Dionne, cinquième marqueur de l'histoire de la LNH, estime qu'il faut maintenant voir le Canadien pour ce qu'il est: un club à la riche tradition francophone, mais un club qui n'est plus capable de continuer dans cette direction.

«Le Canadien, ce n'est plus les Flying Frenchmen, a expliqué l'ancien joueur vedette lors d'un entretien téléphonique avec La Presse, hier. Les données ont changé depuis la belle époque de Guy Lafleur, dans les années 70. Ce n'est plus du tout la même chose.»

À l'heure actuelle, le Canadien ne compte plus que deux joueurs québécois dans ses rangs, les attaquants Maxim Lapierre et Mathieu Darche. Un troisième francophone, Benoît Pouliot, est originaire de l'Ontario.

«Ça va mettre beaucoup de pression sur ces gars-là, parce que chaque jour, ce sont eux qui vont devoir répondre aux questions des médias, d'ajouter Dionne. Toutes les caméras vont être tournées vers eux. C'est sûr que quand des joueurs anglophones font l'effort d'apprendre le français, comme Larry Robinson et Bob Gainey l'ont fait dans mon temps, c'est un gros plus pour les fans.»

Aucune différence

L'ancien attaquant des Red Wings, des Kings et des Rangers, qui a récolté 1771 points en 18 saisons dans la LNH, est aujourd'hui propriétaire d'une boutique d'articles de sport à Niagara Falls. Il voyage aussi régulièrement pour participer à des activités d'affaires à la grandeur du pays. Dans le cadre de son travail, Marcel Dionne rencontre des dizaines de fans de hockey chaque jour.

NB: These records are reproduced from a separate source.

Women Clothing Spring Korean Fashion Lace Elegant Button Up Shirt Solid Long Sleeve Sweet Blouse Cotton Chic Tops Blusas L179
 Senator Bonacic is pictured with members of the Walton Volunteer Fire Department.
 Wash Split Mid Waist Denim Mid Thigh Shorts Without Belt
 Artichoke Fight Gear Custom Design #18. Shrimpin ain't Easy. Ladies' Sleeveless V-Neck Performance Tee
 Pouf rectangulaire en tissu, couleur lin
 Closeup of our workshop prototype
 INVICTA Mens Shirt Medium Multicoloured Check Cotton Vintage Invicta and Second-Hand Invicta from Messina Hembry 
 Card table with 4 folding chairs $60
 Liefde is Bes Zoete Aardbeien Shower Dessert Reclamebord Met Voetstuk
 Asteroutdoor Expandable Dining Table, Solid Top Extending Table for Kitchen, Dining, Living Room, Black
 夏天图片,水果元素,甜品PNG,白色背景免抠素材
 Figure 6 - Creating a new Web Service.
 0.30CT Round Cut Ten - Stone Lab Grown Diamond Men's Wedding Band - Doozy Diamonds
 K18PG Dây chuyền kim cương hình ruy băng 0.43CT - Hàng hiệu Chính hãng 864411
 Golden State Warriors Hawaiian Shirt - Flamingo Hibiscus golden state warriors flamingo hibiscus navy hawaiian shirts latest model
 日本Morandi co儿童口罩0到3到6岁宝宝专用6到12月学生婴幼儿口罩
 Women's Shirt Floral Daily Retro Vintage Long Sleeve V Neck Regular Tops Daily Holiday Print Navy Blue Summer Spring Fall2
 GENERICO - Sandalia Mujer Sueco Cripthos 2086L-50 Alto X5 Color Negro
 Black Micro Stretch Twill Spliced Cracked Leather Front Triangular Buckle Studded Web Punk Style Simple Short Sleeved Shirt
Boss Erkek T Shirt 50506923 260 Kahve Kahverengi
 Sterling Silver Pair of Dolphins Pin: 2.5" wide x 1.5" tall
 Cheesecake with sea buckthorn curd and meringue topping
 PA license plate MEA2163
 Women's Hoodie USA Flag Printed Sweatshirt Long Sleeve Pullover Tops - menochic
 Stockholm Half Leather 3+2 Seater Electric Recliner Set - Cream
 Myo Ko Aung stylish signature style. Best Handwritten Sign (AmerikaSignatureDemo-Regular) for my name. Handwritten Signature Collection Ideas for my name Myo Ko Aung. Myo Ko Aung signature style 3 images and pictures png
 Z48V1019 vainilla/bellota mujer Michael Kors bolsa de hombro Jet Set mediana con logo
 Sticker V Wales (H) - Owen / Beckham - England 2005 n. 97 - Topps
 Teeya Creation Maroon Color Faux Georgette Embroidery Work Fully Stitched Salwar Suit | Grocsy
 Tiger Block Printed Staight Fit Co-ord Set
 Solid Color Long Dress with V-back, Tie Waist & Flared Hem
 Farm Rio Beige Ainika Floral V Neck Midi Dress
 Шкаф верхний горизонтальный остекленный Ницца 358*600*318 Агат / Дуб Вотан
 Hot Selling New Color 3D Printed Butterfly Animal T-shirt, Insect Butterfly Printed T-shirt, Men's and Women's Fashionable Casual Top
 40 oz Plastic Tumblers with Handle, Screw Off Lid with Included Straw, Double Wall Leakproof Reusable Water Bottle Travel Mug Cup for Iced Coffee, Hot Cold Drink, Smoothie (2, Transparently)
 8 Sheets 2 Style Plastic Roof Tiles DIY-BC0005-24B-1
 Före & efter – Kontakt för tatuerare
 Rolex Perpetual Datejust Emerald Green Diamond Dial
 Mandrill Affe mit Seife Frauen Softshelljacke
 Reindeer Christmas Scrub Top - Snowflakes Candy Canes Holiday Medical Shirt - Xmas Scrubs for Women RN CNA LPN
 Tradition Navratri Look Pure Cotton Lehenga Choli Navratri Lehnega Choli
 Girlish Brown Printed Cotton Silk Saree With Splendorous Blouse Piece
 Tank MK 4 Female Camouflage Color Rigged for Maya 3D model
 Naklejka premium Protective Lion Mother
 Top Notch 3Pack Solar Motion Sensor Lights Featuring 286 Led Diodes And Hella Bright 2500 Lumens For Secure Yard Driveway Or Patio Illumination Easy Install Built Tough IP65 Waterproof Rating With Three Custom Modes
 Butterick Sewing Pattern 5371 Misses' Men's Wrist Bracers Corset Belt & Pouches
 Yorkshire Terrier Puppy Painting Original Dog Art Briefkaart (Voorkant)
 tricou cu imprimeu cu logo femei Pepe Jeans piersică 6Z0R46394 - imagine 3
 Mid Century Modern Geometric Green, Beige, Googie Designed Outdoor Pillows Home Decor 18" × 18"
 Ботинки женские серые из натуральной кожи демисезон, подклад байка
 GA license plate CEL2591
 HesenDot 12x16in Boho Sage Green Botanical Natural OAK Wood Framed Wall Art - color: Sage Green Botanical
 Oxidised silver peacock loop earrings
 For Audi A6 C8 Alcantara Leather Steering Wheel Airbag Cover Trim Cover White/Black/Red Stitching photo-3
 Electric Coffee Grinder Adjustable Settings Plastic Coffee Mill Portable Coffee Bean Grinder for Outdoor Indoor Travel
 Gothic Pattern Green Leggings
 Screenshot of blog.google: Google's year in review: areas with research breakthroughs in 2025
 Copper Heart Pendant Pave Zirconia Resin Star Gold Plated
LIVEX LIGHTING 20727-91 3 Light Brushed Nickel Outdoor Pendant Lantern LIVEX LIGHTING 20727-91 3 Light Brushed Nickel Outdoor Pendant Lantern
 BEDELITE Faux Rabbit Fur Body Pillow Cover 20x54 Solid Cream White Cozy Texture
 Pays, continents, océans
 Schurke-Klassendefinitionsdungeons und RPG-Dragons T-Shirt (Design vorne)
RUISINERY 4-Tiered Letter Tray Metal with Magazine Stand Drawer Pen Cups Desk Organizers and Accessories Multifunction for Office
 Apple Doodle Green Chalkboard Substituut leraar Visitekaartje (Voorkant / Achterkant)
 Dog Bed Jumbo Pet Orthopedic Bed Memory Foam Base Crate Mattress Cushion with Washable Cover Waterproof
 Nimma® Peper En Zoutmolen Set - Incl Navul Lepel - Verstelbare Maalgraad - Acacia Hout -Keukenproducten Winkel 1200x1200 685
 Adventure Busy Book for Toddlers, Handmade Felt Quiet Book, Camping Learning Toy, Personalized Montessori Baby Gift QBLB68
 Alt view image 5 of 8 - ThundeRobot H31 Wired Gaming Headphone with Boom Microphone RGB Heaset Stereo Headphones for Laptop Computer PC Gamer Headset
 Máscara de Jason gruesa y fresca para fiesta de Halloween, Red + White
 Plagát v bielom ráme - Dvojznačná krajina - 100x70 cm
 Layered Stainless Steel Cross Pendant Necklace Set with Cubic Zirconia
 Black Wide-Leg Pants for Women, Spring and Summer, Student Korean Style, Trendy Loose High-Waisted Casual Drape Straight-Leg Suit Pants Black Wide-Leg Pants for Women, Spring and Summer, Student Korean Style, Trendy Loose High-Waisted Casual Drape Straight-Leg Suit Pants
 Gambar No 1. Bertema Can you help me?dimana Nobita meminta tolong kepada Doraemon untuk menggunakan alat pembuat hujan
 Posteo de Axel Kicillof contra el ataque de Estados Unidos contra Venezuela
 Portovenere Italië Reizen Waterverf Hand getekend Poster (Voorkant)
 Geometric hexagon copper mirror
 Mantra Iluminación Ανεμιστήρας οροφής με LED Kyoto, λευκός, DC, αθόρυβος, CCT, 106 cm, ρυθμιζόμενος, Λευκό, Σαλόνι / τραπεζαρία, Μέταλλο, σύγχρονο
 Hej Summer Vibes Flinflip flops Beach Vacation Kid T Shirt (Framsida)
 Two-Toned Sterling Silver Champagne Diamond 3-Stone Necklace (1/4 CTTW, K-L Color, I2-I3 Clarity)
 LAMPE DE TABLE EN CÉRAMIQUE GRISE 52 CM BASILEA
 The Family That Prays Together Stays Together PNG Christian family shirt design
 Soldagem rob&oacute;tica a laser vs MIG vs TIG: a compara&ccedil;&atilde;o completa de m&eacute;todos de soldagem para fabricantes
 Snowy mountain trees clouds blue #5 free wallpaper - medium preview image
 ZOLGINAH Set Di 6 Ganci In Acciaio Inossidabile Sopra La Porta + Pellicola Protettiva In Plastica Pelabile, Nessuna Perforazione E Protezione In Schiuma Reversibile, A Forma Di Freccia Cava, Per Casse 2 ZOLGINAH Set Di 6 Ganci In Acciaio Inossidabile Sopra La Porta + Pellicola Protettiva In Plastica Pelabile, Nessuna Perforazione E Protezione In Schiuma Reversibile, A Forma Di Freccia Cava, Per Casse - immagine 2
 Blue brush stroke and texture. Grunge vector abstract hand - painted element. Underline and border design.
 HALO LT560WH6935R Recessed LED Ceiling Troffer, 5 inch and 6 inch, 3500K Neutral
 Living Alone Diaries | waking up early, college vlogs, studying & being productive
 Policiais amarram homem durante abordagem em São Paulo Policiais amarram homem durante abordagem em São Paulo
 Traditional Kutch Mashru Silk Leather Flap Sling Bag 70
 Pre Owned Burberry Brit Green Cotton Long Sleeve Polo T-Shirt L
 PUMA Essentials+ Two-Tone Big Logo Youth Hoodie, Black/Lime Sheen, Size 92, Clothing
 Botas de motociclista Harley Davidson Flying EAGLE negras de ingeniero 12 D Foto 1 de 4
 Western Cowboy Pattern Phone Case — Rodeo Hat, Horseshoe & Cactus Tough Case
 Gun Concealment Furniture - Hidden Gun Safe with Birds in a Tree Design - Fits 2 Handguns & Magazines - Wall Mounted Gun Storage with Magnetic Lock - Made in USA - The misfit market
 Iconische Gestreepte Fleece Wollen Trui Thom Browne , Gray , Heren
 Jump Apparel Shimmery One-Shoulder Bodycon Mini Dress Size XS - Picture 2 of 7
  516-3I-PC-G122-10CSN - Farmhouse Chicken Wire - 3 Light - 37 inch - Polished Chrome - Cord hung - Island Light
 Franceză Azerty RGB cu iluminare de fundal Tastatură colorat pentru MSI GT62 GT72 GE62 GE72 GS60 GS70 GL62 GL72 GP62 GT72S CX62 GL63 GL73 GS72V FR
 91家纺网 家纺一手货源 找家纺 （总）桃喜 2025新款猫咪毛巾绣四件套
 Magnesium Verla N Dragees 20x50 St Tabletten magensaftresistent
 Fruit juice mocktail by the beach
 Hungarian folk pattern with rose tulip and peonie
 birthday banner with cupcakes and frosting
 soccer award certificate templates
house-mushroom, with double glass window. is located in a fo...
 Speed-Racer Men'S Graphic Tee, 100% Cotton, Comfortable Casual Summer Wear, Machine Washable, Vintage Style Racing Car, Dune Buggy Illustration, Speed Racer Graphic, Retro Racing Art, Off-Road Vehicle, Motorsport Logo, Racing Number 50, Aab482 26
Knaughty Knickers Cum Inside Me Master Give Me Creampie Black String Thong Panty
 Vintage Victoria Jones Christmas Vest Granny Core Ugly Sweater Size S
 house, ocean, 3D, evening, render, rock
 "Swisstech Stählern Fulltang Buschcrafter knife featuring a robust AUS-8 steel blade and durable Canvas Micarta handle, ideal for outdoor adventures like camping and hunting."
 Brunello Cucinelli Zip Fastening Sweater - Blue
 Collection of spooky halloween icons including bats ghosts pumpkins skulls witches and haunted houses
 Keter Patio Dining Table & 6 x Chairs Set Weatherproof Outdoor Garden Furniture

Selon lui, les partisans d'aujourd'hui ne se soucient guère du nombre de joueurs francophones dans le maillot tricolore.

«Les jeunes partisans ne pensent pas à ça. Pour eux, ça ne fait aucune différence. La saison passée, ils venaient dans ma boutique pour acheter des chandails de Halak, de Cammalleri. C'était la fièvre des séries, et ils ne se demandaient pas s'il y avait assez de francophones dans l'équipe ou non. Aujourd'hui, ce qui est important, c'est le CH, c'est le logo de l'équipe. C'est ça que les gens achètent avant tout.

«Il faut se rappeler que pendant longtemps, le Canadien avait un monopole sur les joueurs francophones. C'est pour ça que l'équipe a gagné plusieurs fois la Coupe Stanley. Mais la LNH a mis fin à ça parce que ça n'avait plus de bon sens. Imaginez ce que ça aurait donné au début des années 70 si le Canadien avait pu obtenir Gilbert Perreault, Guy Lafleur et moi-même (rires)!»

Dionne croit que le Canadien pourrait faire des efforts («à talent égal, le joueur francophone devrait passer en premier», dit-il), mais il reconnaît du même souffle que pour le club montréalais, il est de plus en plus difficile de repêcher des joueurs québécois de premier plan.

«Le Canadien ne termine jamais parmi les derniers, alors c'est sûr que s'il y a un bon jeune espoir du Québec, il ne pourra pas le repêcher. En plus, il y a aujourd'hui des joueurs qui arrivent d'un peu partout sur la planète. Des Russes, des Américains. Dans le temps où je jouais, c'est quelque chose qu'on ne voyait pas. Mais tout ça est cyclique. Tout ça peut changer.»

Dionne, qui est originaire de Drummondville, croit d'ailleurs que c'est un joueur des Voltigeurs de Drummondville, Sean Couturier, qui pourrait devenir la prochaine star francophone dans la Ligue nationale. «Je pense que Sean Couturier a ce qu'il faut, il pourrait devenir un très bon joueur dans la Ligue», estime-t-il.